### WHAT YOU ARE ASKED TO DO
What is needed is the exact text of each line in the listing below from the one with "volkswagen-jetta-1-4-tsi-90kw-vyhrev-nizke-km - 2" up to and including the one with "Renovated – Large", and no pictures.

### DATA SHOWN
- Opening Delimiter -

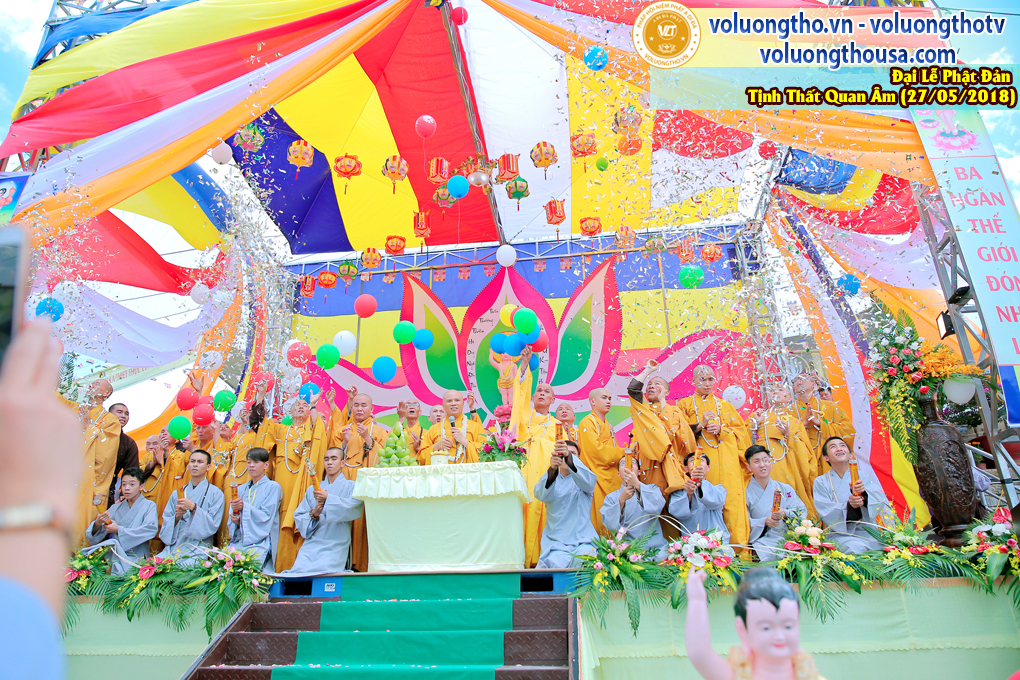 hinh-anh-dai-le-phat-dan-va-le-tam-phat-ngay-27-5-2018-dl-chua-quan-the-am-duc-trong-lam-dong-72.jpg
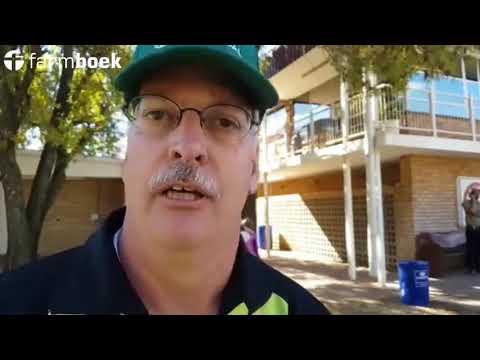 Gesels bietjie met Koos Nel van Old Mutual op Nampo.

- Closing Delimiter -
- Opening Delimiter -

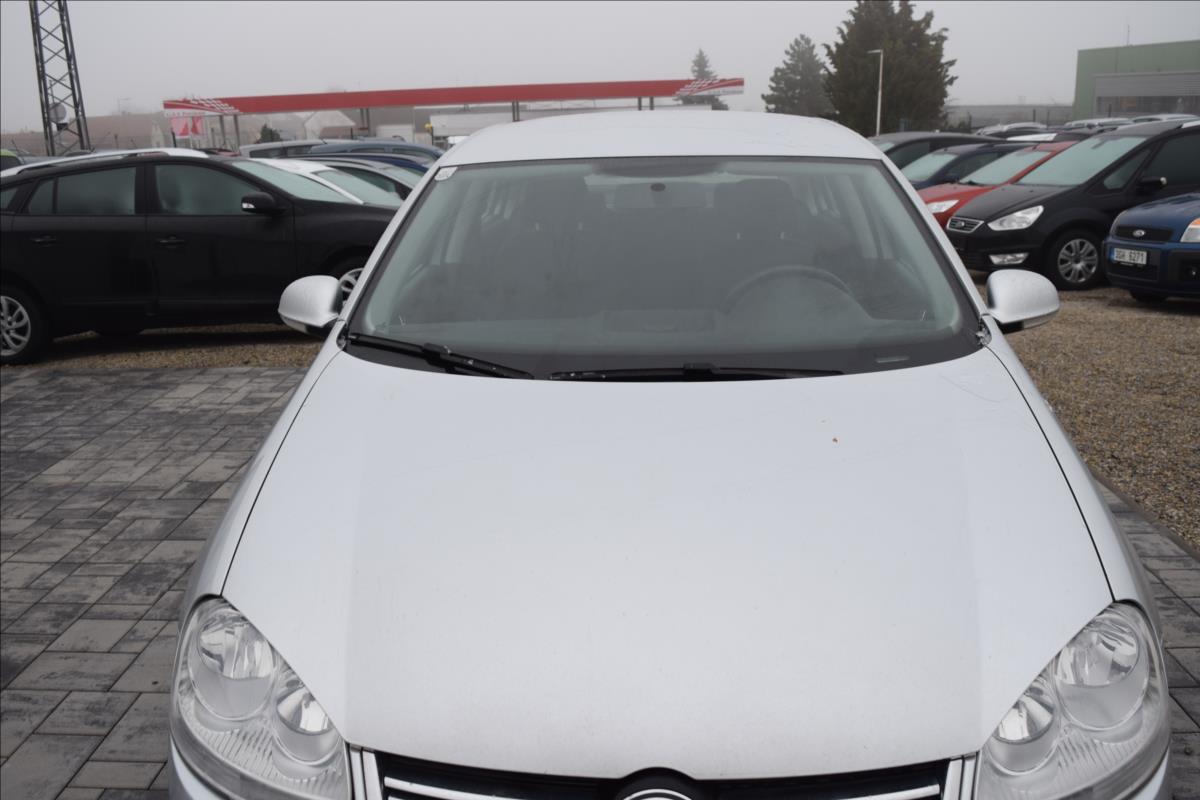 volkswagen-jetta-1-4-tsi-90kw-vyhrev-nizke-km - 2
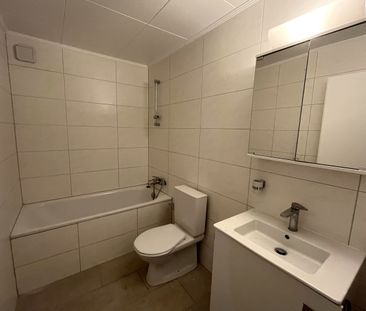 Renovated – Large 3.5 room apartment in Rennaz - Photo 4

- Closing Delimiter -

### ANSWER TO THE PROBLEM
 volkswagen-jetta-1-4-tsi-90kw-vyhrev-nizke-km - 2
 Renovated – Large 3.5 room apartment in Rennaz - Photo 4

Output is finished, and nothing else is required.